La sénatrice Bovey : Je tiens à vous remercier de votre présence parmi nous, monsieur Yalkin, monsieur Borbey et vos collègues. Il est encourageant de voir qu’on a assorti d’objectifs les mesures d’élimination des préjugés et des obstacles systémiques tout en essayant de garantir l’équité en matière d’emploi, et je suis heureuse de constater que vous envisagez de nouveaux processus de recrutement et de nomination.

J’ai quelques questions à ce sujet. Concernant la définition des critères de qualification, pouvez-vous nous parler du travail que vous faites pour circonscrire les conditions d’équivalence? Vous avez parlé, par exemple, des diplômes universitaires. Quelles sont les équivalences que vous envisagez en termes d’expérience?

Je voudrais aussi que vous nous parliez des répercussions des nominations non annoncées dans la fonction publique sur les Canadiens marginalisés. Il est facile de promouvoir un fonctionnaire à l’interne sans lancer d’appels de candidatures ni aller sur le marché. De quelles données disposez-vous pour rendre compte des effets que cela peut avoir sur les Canadiens marginalisés?

M. Yalkin : Je vous remercie de vos questions. Je vais laisser nos collègues de la Commission de la fonction publique répondre à la deuxième, mais je peux répondre à la première.

C’est une question très intéressante. Chaque fois que le Secrétariat du Conseil du Trésor élabore ou examine une norme de qualification, et c’est peut-être évident et clair d’après ce que j’ai déjà dit, il s’interroge sur les différentes exigences et se demande si cela risque de susciter des préjugés ou des obstacles pour un membre d’un groupe visé par l’équité.

Dans l’affirmative, il se pose alors la question suivante : quels sont les autres combinaisons d’expériences ou les autres critères qui pourraient y être équivalents ou permettre de concrétiser l’objectif public et la raison d’être de cette exigence?
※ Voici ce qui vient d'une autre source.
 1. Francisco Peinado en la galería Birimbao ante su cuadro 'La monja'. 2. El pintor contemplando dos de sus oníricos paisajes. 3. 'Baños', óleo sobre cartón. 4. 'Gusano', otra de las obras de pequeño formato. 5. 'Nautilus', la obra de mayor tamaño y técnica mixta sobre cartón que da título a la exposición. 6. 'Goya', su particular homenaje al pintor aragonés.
Dans des circonstances antérieures où il existait une solution de rechange, elle a été formulée de la façon suivante : voici le niveau d’instruction ou d’expérience équivalente qui mène à la compréhension nécessaire des concepts économiques et sociaux, et ainsi de suite.
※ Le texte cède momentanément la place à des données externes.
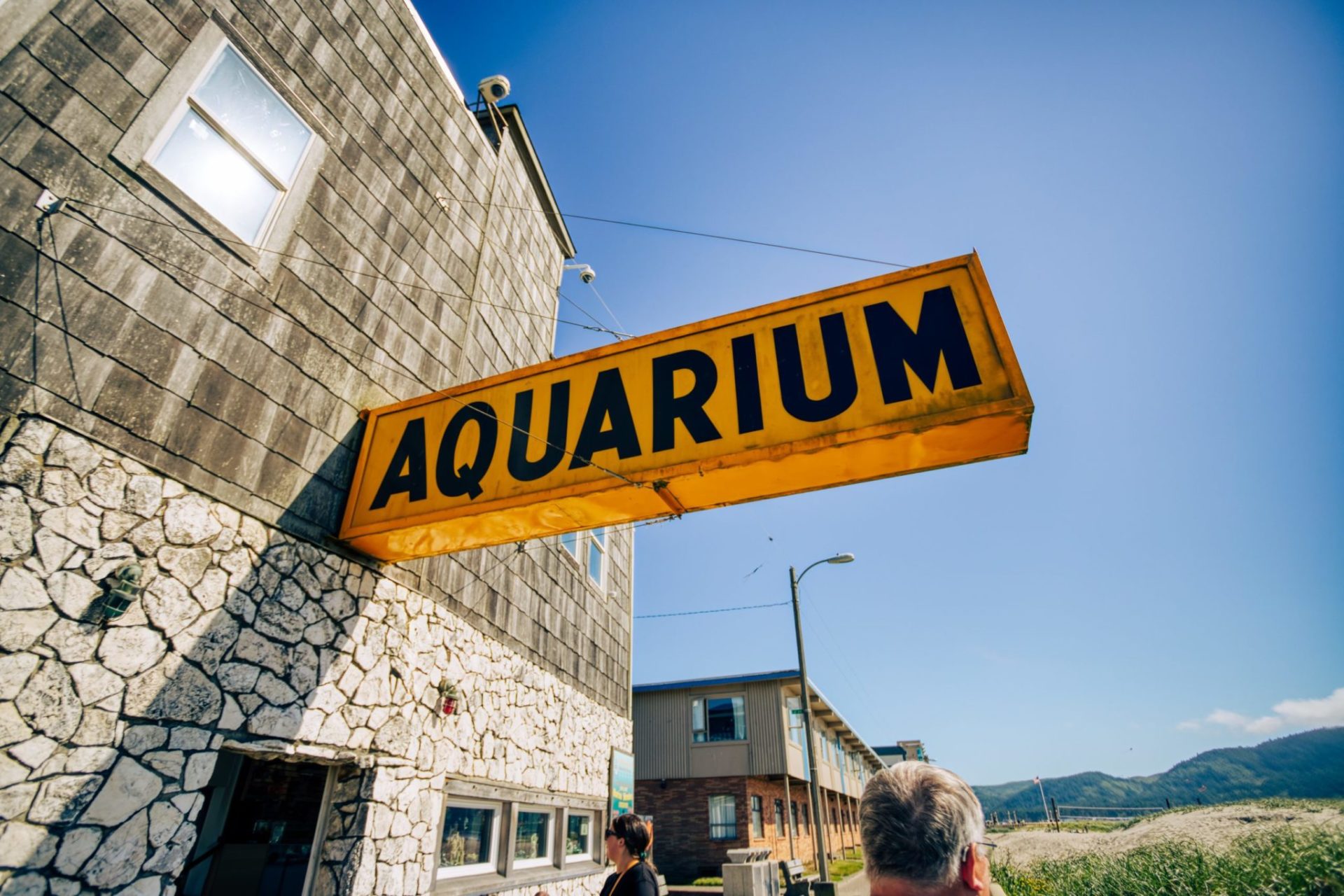 Seaside Aquarium Sign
Cela donne une certaine latitude aux gestionnaires qui peuvent ainsi évaluer des candidats pour tel ou tel rôle. Les répercussions éventuelles sur divers groupes sont peut-être évidentes.

La sénatrice Bovey : Monsieur Borbey, je serai heureuse d’entendre votre réponse à mon autre question, mais j’ai une question complémentaire pour M. Yalkin, si vous le permettez.

Prenons l’exemple des Inuits du point de vue de la science, de l’expérimentation et du savoir vécu, du savoir traditionnel des Inuits sur le territoire. Si j’étais Inuite et que je voulais poser ma candidature à un emploi, je ne suis pas certaine que je considérerais cela comme une équivalence. Je suppose que j’ai de la difficulté à trouver les mots qui feraient en sorte que l’équivalence ouvre vraiment la perspective au lieu de la fermer davantage.

M. Yalkin : Encore une fois, je vous remercie. C’est une excellente question, madame la présidente.

En ce qui concerne les normes de qualification, elles tendent à être passablement générales. De toute évidence, chaque poste comporte des critères particuliers que le gestionnaire établit et auxquels il s’attend à ce que les candidats répondent. Cela pourrait, par exemple, comprendre certaines des situations que l’honorable sénatrice a mentionnées dans sa question. Mais lorsqu’il s’agit de solutions de remplacement, comme des combinaisons d’expériences ou de connaissances pouvant permettre à quelqu’un de répondre aux exigences essentielles d’un poste, il peut y avoir un certain nombre d’itérations ou de combinaisons différentes de ces expériences permettant de conclure qu’un candidat répond aux normes de qualification, c’est-à-dire aux exigences essentielles du poste en question.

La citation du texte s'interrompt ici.